With the World Cup only weeks away, many MLS games have recently featured new faces, as many players throughout the league have been called into their respective national team camps before the tournament in Brazil. On Wednesday night, DC United topped the Houston Dynamo 2-0 in Washington D.C., easing the memory of three losses to the Texas-based club last season. Houston was forced into lineup changes like most other teams around the league, as three of their star midfielders were unavailable for the trip to the nation’s capital. Brad Davis and Boniek Garcia are both fulfilling their duties with their respective countries, while Ricardo Clark is sidelined due to midseason injury. As a result of these absences, third-year midfielder Brian Ownby earned a rare playing opportunity last night. DC United goals on either side of halftime left the Dynamo in a 2-0 hole late in the game.

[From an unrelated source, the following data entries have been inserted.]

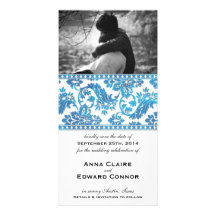 Blaue Vintage Damast-Spitze Save the Date Photokartenvorlagen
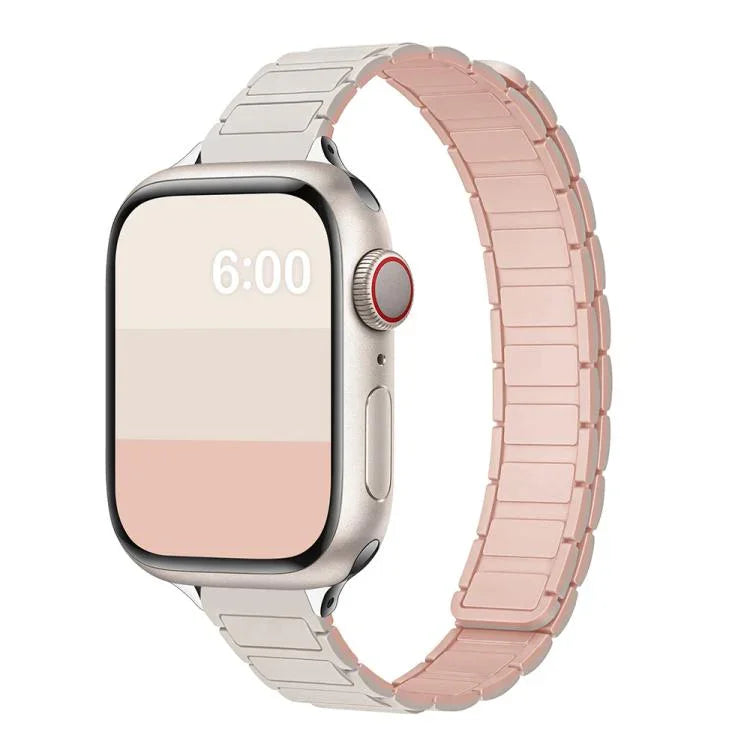 สายรัดนาฬิกาซิลิโคนแม่เหล็กทรงตัวไอสามเม็ด สำหรับ Apple Watch 46mm / 49mm / 45mm / 44mm, สำหรับ Apple Watch 42mm / 41mm / 40mm / 38mm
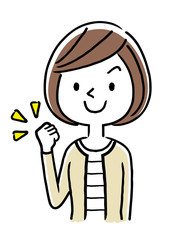 若い女性：やる気
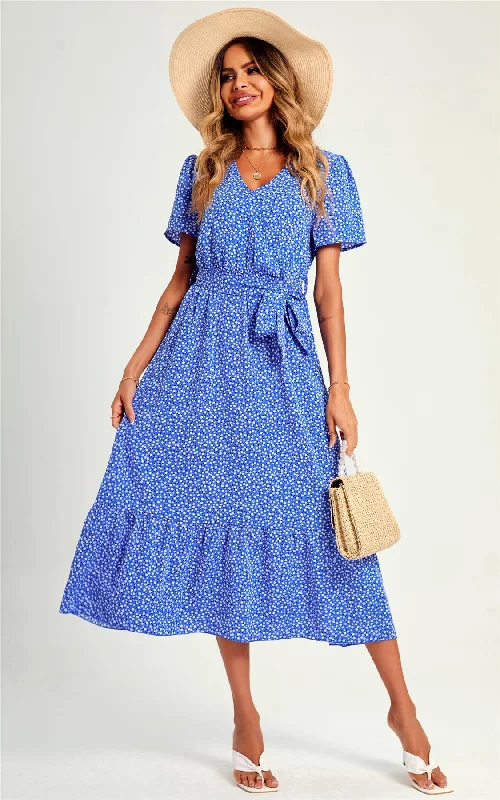 White Little Flower Print Short Sleeve Wrap Style Midi Dress In Blue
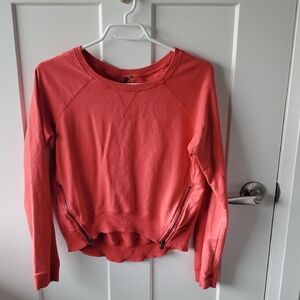 Sweaty Betty Coral Crewneck Zip-Pocket Sweatshirt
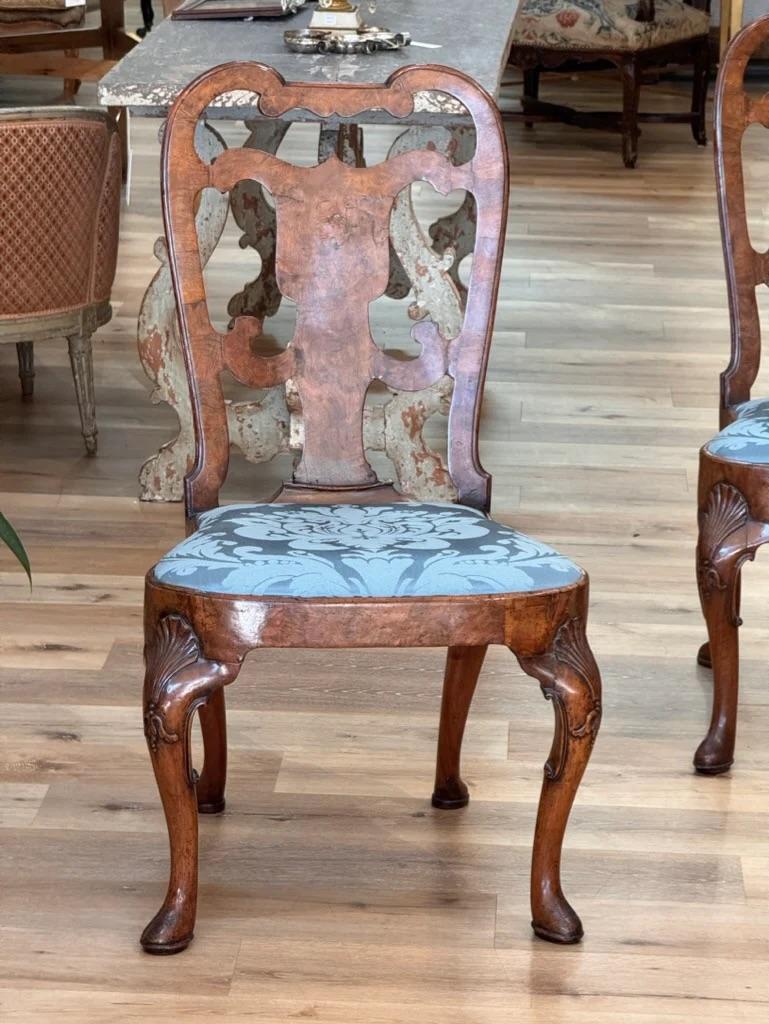 English Set of Six George I Burlwood Veneered and Carved Dining Chairs For Sale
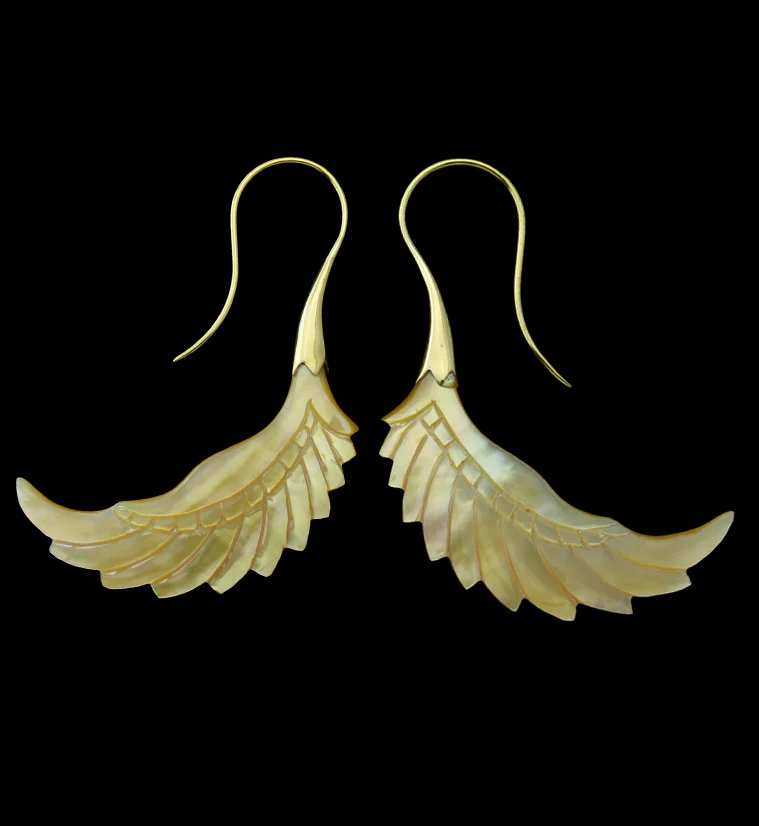 18G Pinion Brass MOP Hangers / Earrings - Mrs Treak
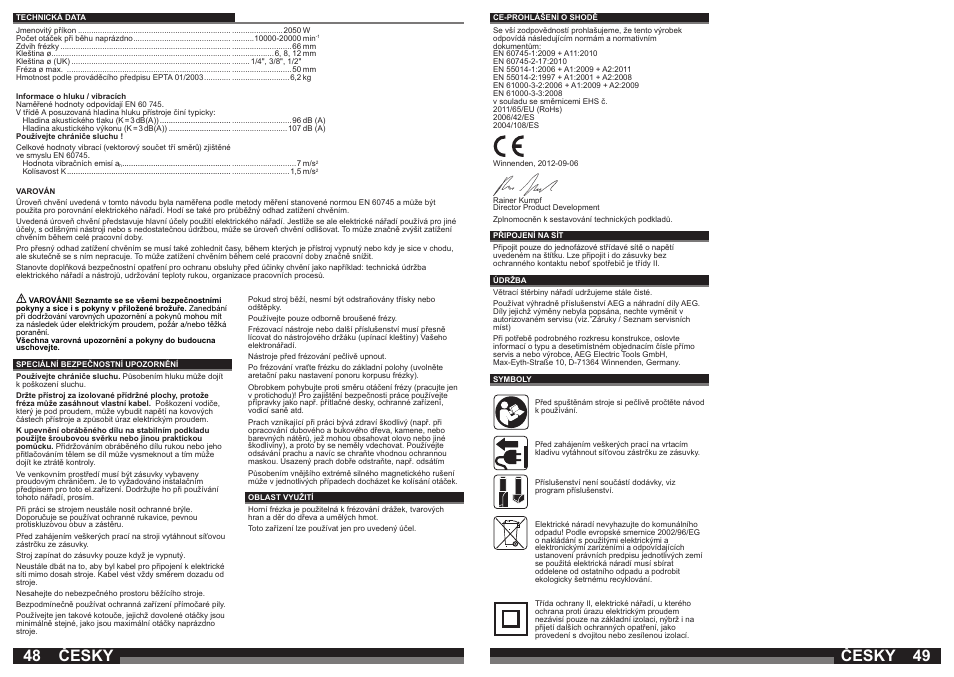 Česky | AEG OF 2050 E User Manual | Page 25 / 39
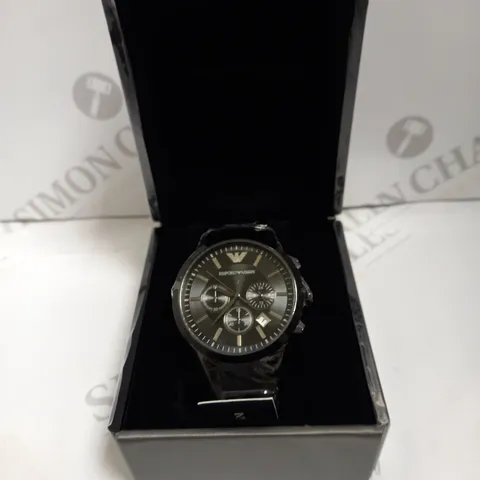 BOXED EMPORIO ARMANI AR2453 MEN'S CLASSIC CHRONOGRAPH BLACK DIAL WATCH 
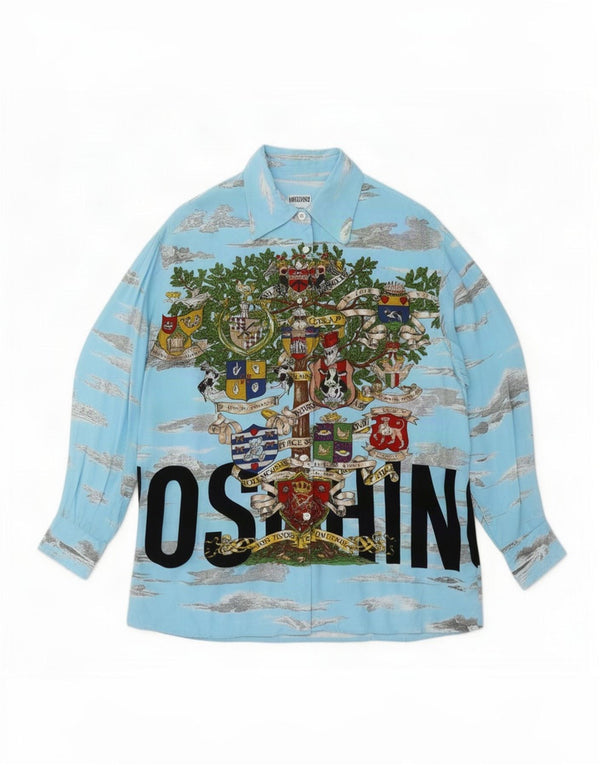 Camiseta feminina Moschino com estampa grande, Reino Unido 10, pequena, azul, viscose, designer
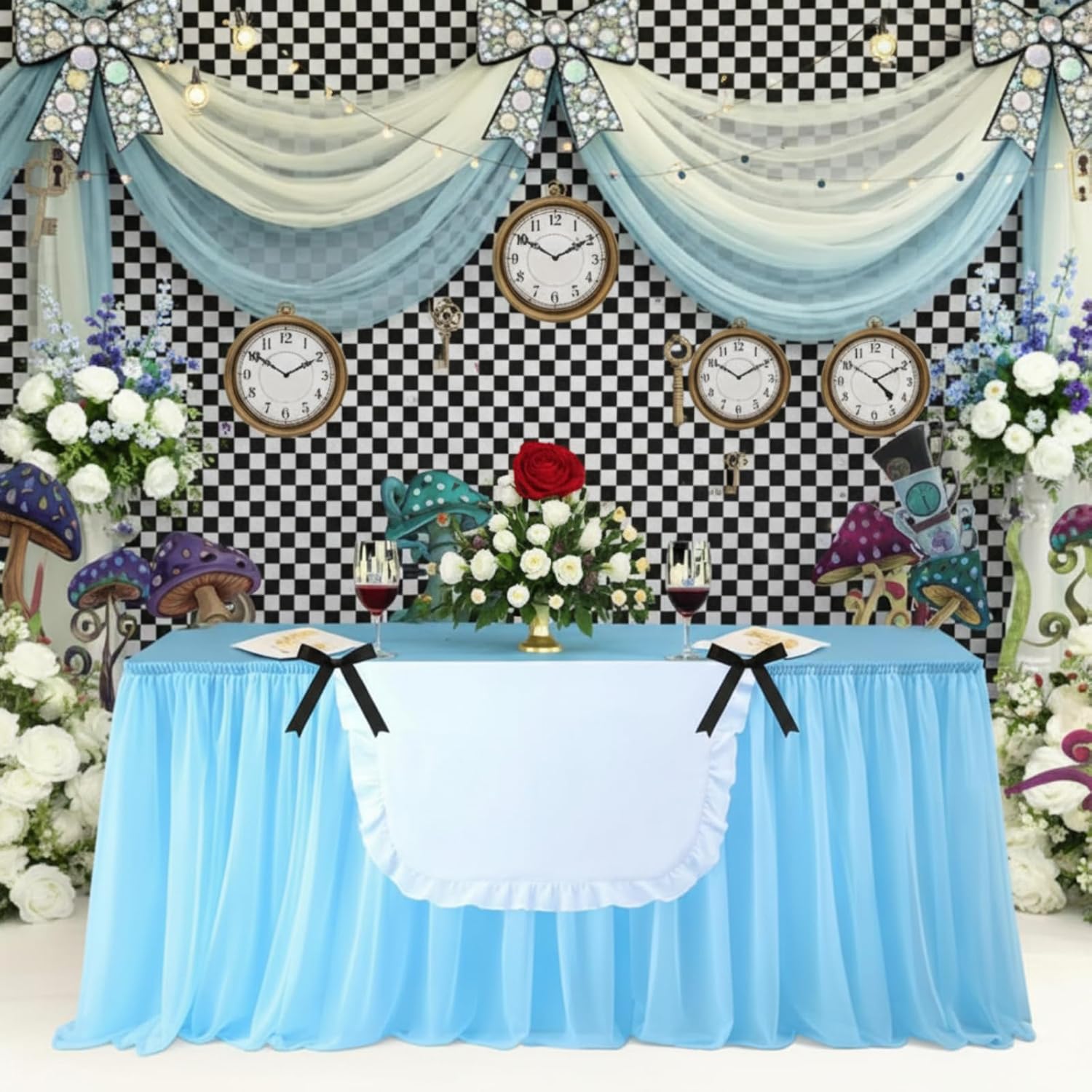 5 Pcs Wonderland Party Decorations Wonderland Table Cloth Blue Mesh Table Group, White Tablecloth Black Bow for Tea Party Celebrations Birthday Mother's Day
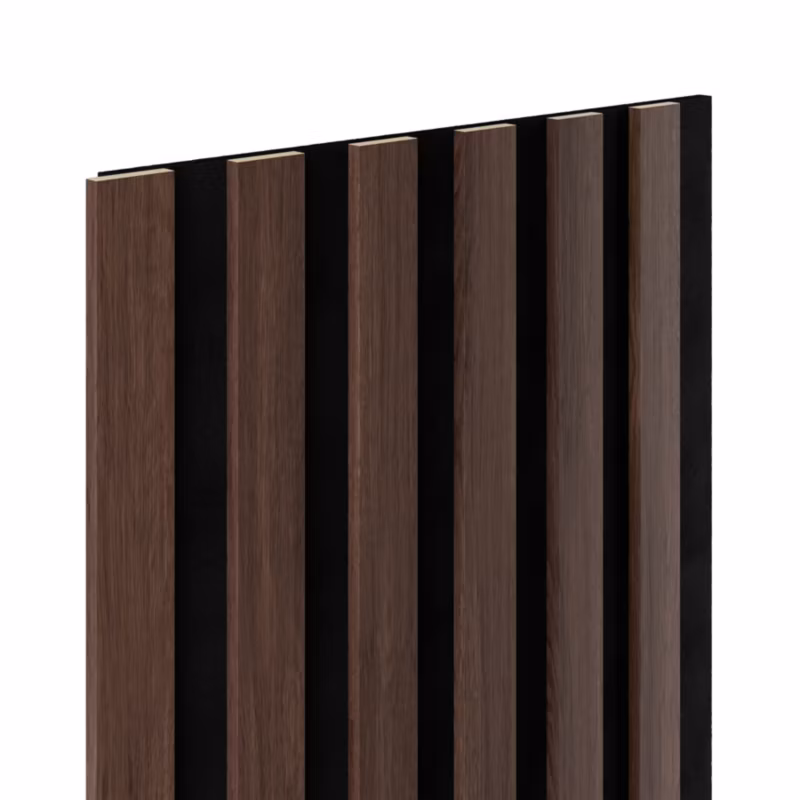 Lamele ścienne 6L Marbet Design WOODLINE SLIM 270×30 cm Dąb ciemny na czarnym filcu 4 szt.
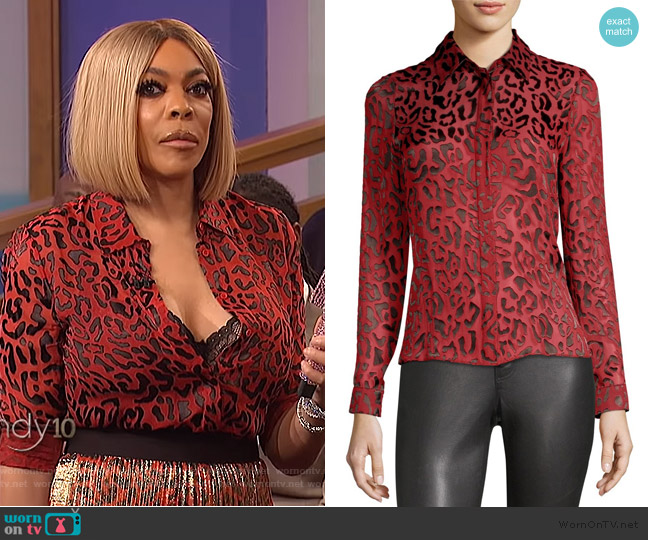 Alice + Olivia Willa Placket Leopard Print Blouse worn by Wendy Williams on The Wendy Williams Show
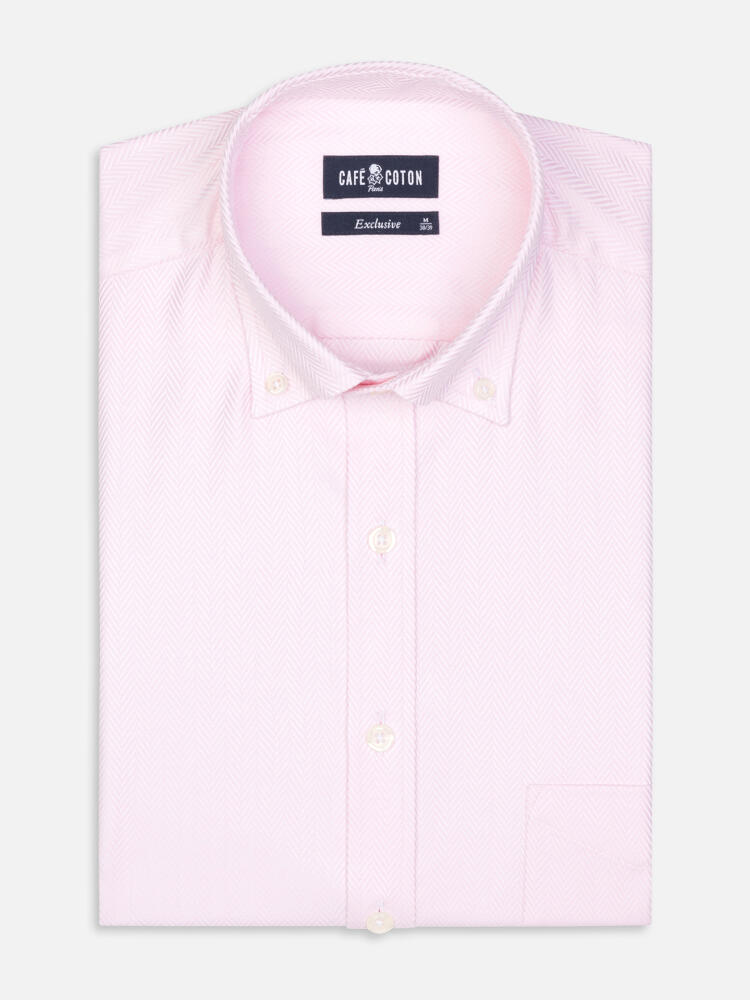 Camicia spigata rosa  - Colletto abbottonato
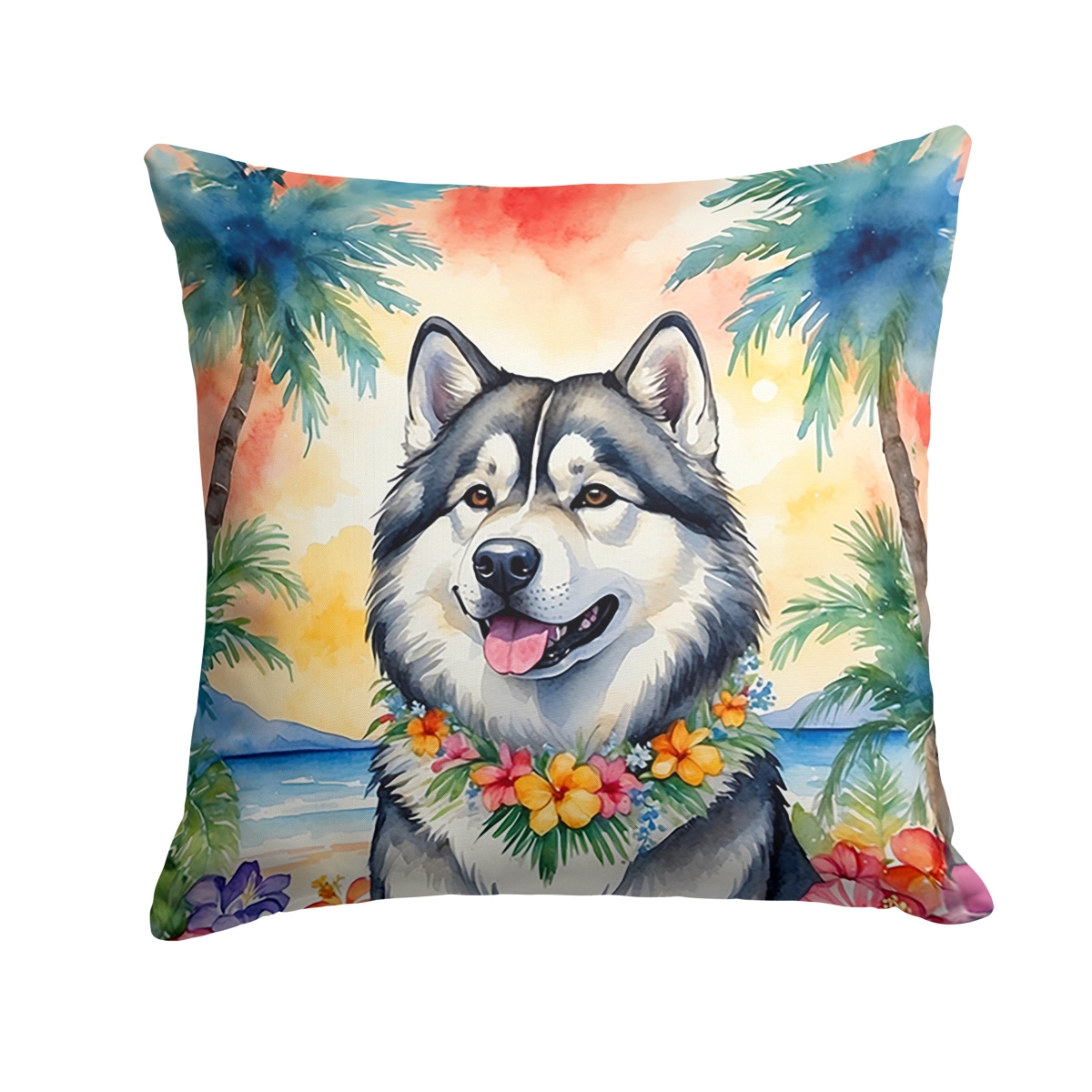 18 x 18 in. Alaskan Malamute Luau Throw Pillow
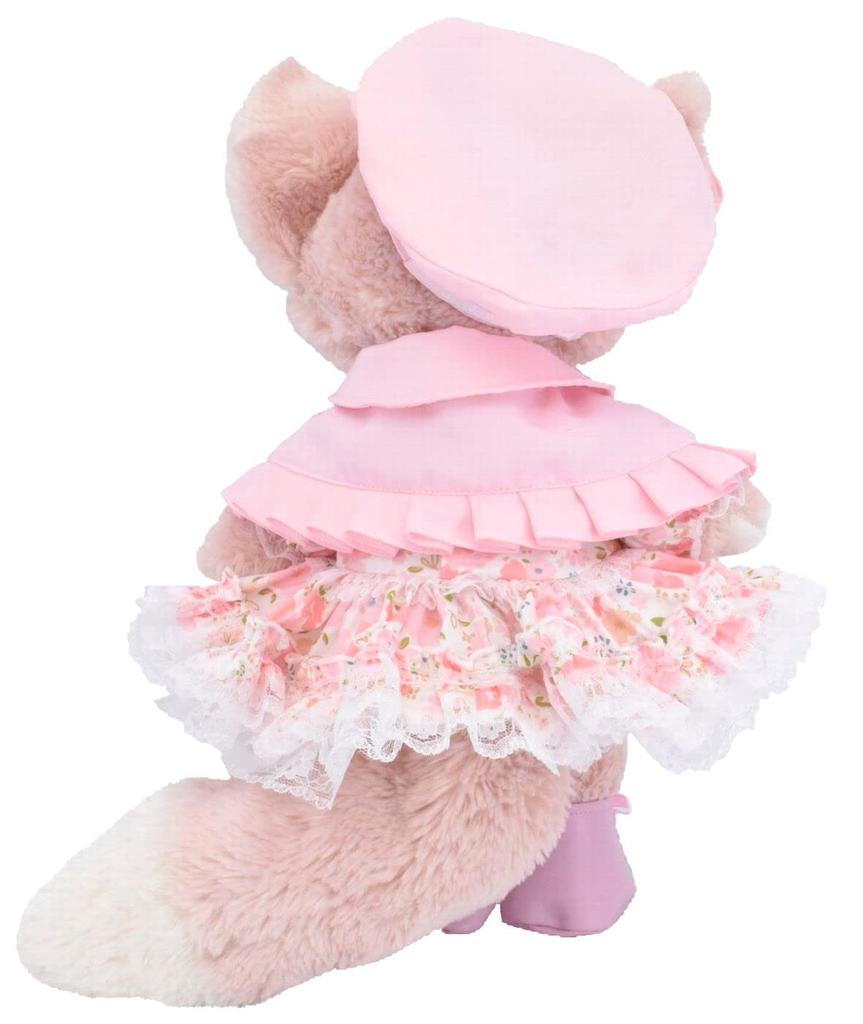 Костюм для переодевания «Плюшевый мишка по почте Алиса Линабель» с плащом-дафлкотом и платьем с цветочным принтом (розовый) (Маленький размер)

Ownby was enjoying more time on the field (77 minutes) than he had ever played; however, his performance was cut short and his team was forced to play a man down for the final few minutes, when the midfielder was given a red card one minute into second-half stoppage time. While the Dynamo were desperately pressing to score, Ownby lashed out in frustration and struck United defender Christian Fernandez in the face. While Houston failed to score a goal in the final minutes, the red card leaves them in a deeper hole, as Ownby will be forced to miss the next match as well.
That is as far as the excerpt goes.